Photographical Perspective
However, the reproducibility, portability, ease of storage, and communicability of film/digital images are major advantages, along with the inherent image accuracy of these media over hand-drawn art. Important technologies related to photography include the camera obscura, developed in the 5th century BC; the lens, from the 13th century; and photochemistry, from the 18th century.
Modern photography first emerged in 1826-7 in the form of a technique invented by Joseph Nicéphore Niépce called Heliography, which produces one-of-a-kind perspective images (of spatial reality) on metal plates treated with light-sensitive chemicals. By the early 1840s, early Daguerreotype photographic images required an exposure of around twenty minutes.
The past century saw the invention of new kinds of photographic film cameras, which recorded images of objects with no human intervention beyond pressing a button. Subsequent developments, including Flexible-Roll-Film, Colour-Film, Single- Lens-Reflex, Instamatic, and Polaroid Cameras, among others, provided new methods and processes that further enhanced photographic techniques, from speed to malleability and image-processing in modern digital photography.
In a sense, the photographic camera marked the logical conclusion of a trend linking apertures in a camera obscura and images that had emerged a thousand years earlier.

Window Principle
Photography provided a physical demonstration that the window principle (ref. picture plane / directing plane) of perspective was a function of objective geometry, independent of a painter’s subjective interventions.
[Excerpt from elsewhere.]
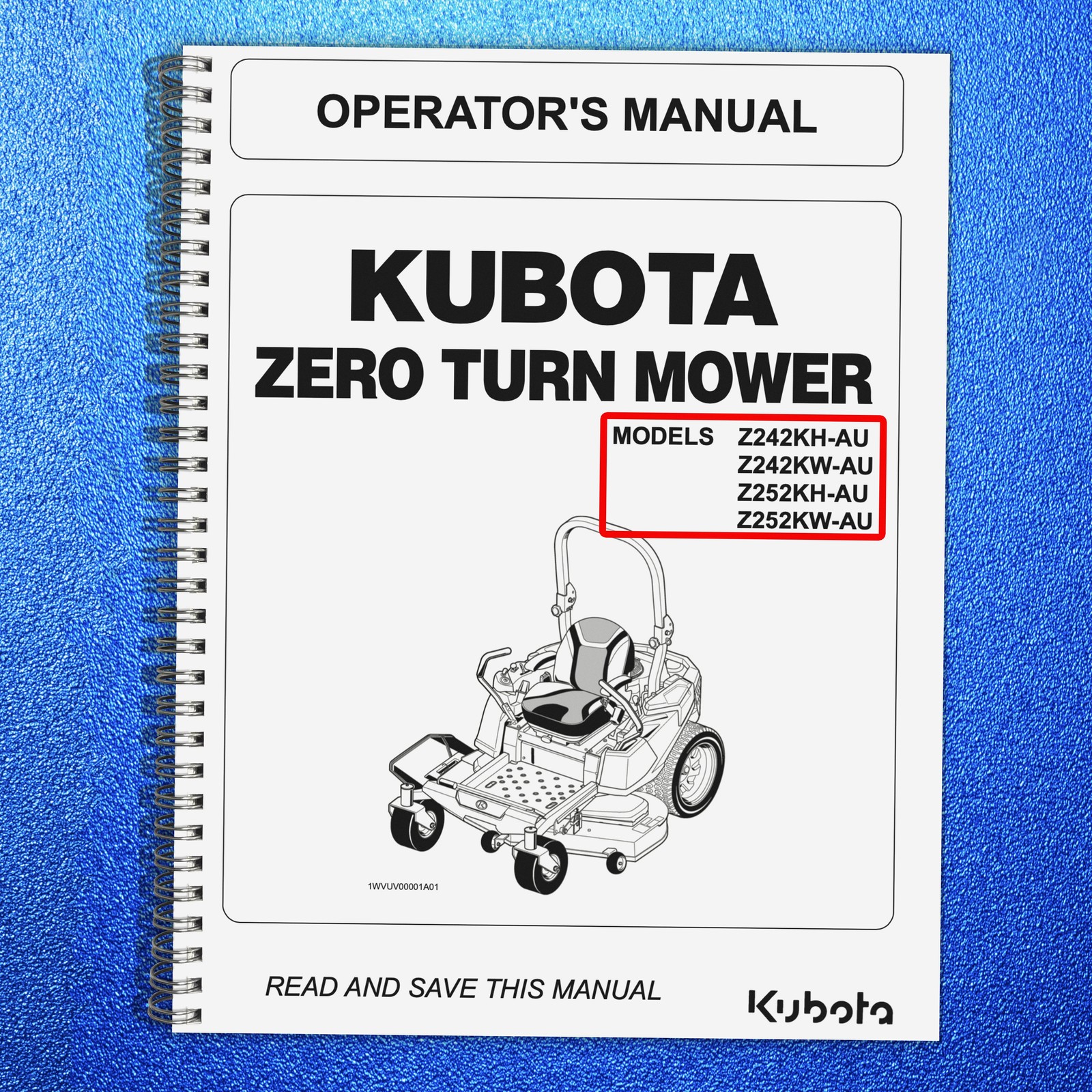 KUBOTA Z242KH-AU Z242KW-AU Z252KH-AU ZERO TURN MOWER OPERATORS MANUAL – FASTENED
In any case, photographic cameras do not employ an overt perspective window(s) to establish the viewpoint, viewing angle, and field of view, etc., and because these factors are all fixed instantly when the camera button is pressed.
Theoretically, photography promised a one-to-one correspondence between the original object and image. This principle has proven of great interest to architects. In other fields, photographic surveying techniques provided accurate matching/indexing methods essential to map-making.
With the rise of photography in the latter nineteenth century, correspondence questions arose anew: whether the eye perceives photographic space in the same way as physical space. In any case, the advent of digital cameras and the Internet in the 1990s brought many dramatic changes to photography, enabling digital images to be rapidly created (in vast numbers), shared, processed, linked together, and possibly integrated into a single image-space, as in the Google Maps system.